La visite est préparée depuis plusieurs semaines dans le cadre de la médiation pilotée par l’ancien Premier ministre guinéen Lansana Kouyaté, mandaté par la CEDEAO pour maintenir un canal de dialogue avec les juntes sahéliennes. Elle s’inscrit dans une logique précise : tester si le profil de Diomaye, souverainiste assumé, ancien détenu politique, élu sans l’appui de Paris, peut ouvrir des portes que ni Tinubu ni Ouattara ne pourraient franchir. Les premières heures à Bamako diront si ce pari est fondé.
Les discussions portent sur trois axes documentés. La libre circulation des personnes et des biens, suspendue de facto depuis les sanctions de la CEDEAO contre le Mali en 2022. La gestion des infrastructures communes, corridors routiers, interconnexions électriques et réseaux hydrauliques dont les populations des deux côtés de la frontière dépendent indépendamment des querelles politiques de leurs gouvernements. Et la lutte antiterroriste, dossier sur lequel Téné Birahima Ouattara avait déjà tendu la main depuis Paris en juin en déclarant qu’Abidjan était prête à reprendre la coopération sécuritaire avec Bamako et Ouagadougou.
Ce que cette visite dit de Diomaye est important. Il n’a pas attendu. Neuf jours après sa désignation à la tête de la CEDEAO à Freetown, il est déjà à Bamako. Ce rythme dit qu’il a une vision, pas seulement un titre. Il avait dit à Freetown que l’heure n’est plus aux constats mais à l’action. Ce mardi, il met ses mots en actes.

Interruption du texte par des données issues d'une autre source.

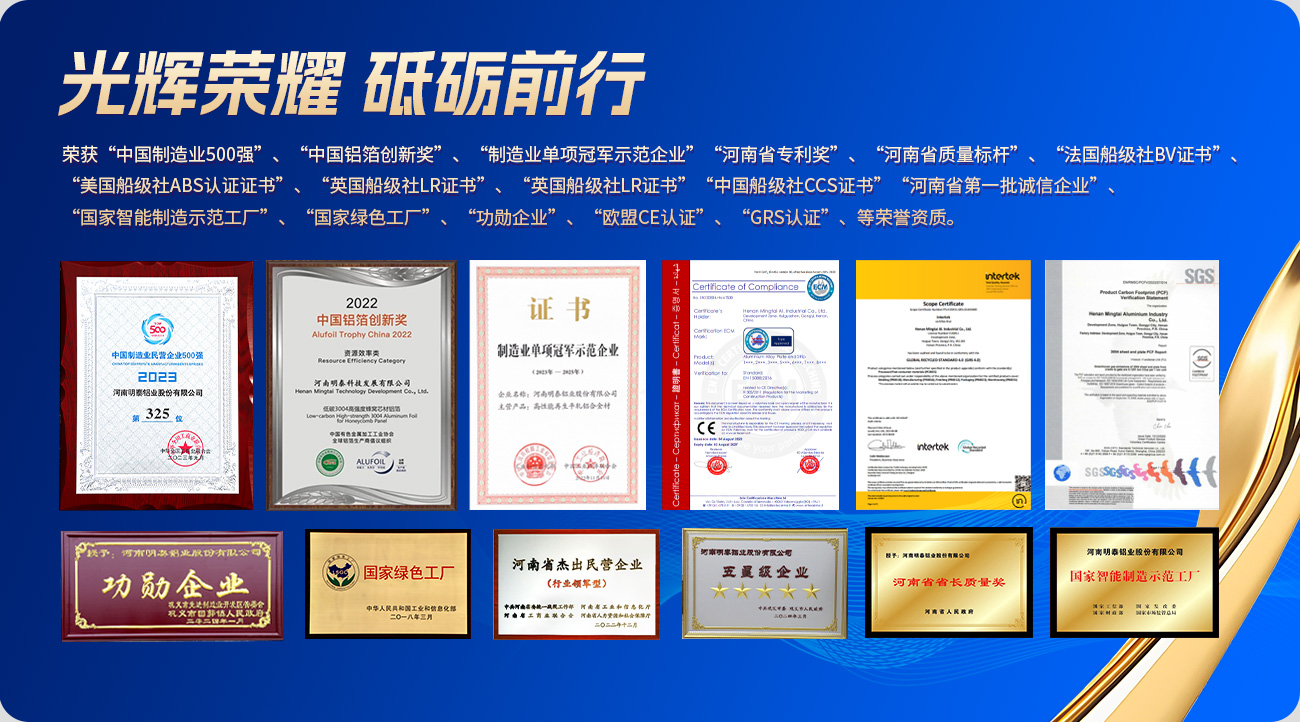 解放思想 引领创新，技术创新“产学研用”一体化;绿色创新,践行绿色工业转型;智能创新,向智慧工厂有序迈进;成能力先
                            低投资+产业链布局（进一步提高对铝材价值的把控力度）,向智慧工厂有序迈进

Ce que cette visite dit d’Assimi Goïta est tout aussi révélateur. Recevoir le président en exercice de la CEDEAO, cette organisation que le Mali a quittée en dénonçant ses ordres et ses sanctions, c’est admettre implicitement que la rupture totale avec la communauté régionale n’est pas tenable indéfiniment. La situation militaire catastrophique au nord du pays, les offensives du JNIM et du FLA, l’Africa Corps qui recule, la route entre Gao et Kidal coupée : tout cela dit à Goïta que le Mali seul avec ses alliés russes ne peut pas gagner cette guerre. Ouvrir la porte à Diomaye, c’est peut-être commencer à chercher une sortie.
Le résultat de cette journée à Bamako ne sera pas visible immédiatement. Les réconciliations régionales ne se font pas en un vol aller-retour. Mais si Diomaye repart avec un accord de principe sur la libre circulation, un mécanisme de coordination antiterroriste et une date pour une prochaine réunion, ce 28 juillet 2026 entrera dans l’histoire comme le jour où la fracture sahélienne a commencé à se refermer.